* Problem: In the data below, find each line that contains the word "Wall" and copy it.

* Given information:
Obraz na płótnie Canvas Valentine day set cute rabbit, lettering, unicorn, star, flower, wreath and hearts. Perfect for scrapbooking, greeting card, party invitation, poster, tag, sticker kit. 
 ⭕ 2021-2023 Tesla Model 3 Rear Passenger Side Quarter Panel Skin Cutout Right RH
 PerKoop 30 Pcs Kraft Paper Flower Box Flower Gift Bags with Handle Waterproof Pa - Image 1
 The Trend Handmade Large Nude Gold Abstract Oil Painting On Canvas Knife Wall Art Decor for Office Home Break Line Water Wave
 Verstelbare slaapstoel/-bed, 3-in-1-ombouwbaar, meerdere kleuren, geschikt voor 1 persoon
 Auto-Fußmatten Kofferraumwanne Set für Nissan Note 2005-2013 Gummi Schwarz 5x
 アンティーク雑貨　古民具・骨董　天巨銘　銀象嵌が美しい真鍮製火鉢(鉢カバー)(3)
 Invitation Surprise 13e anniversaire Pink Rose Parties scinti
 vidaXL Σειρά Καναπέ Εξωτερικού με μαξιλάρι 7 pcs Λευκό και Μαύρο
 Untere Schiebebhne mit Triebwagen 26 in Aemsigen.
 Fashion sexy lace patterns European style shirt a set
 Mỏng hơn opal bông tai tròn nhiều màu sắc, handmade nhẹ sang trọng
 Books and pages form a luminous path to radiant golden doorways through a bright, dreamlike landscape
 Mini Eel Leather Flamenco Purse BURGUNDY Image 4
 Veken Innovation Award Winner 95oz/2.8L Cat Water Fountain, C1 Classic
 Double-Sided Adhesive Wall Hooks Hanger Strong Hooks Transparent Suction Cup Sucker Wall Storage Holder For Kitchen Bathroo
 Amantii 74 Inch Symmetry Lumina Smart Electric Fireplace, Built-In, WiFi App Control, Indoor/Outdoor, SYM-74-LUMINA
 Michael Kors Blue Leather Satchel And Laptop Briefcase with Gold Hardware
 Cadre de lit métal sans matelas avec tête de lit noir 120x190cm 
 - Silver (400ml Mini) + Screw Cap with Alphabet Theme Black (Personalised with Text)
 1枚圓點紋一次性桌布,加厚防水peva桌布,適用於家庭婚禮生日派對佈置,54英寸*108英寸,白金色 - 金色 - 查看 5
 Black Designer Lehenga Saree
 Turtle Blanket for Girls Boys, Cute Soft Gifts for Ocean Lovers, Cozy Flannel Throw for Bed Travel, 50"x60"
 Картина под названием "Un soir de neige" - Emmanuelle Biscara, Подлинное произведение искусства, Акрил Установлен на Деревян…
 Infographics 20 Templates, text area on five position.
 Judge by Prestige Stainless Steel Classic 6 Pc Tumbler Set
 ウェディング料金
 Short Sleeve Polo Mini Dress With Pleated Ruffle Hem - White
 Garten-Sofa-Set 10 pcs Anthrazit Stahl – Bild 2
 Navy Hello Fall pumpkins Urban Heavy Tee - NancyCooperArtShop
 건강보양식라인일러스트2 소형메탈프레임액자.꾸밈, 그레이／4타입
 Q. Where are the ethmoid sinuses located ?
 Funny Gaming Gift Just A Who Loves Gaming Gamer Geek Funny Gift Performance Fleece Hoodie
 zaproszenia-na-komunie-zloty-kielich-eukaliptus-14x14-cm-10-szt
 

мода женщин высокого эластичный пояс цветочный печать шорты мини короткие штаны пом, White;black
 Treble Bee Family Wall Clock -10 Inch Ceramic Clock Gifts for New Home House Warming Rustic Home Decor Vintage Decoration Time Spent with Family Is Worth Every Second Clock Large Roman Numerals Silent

* Result of this task:
 The Trend Handmade Large Nude Gold Abstract Oil Painting On Canvas Knife Wall Art Decor for Office Home Break Line Water Wave
 Double-Sided Adhesive Wall Hooks Hanger Strong Hooks Transparent Suction Cup Sucker Wall Storage Holder For Kitchen Bathroo
 Treble Bee Family Wall Clock -10 Inch Ceramic Clock Gifts for New Home House Warming Rustic Home Decor Vintage Decoration Time Spent with Family Is Worth Every Second Clock Large Roman Numerals Silent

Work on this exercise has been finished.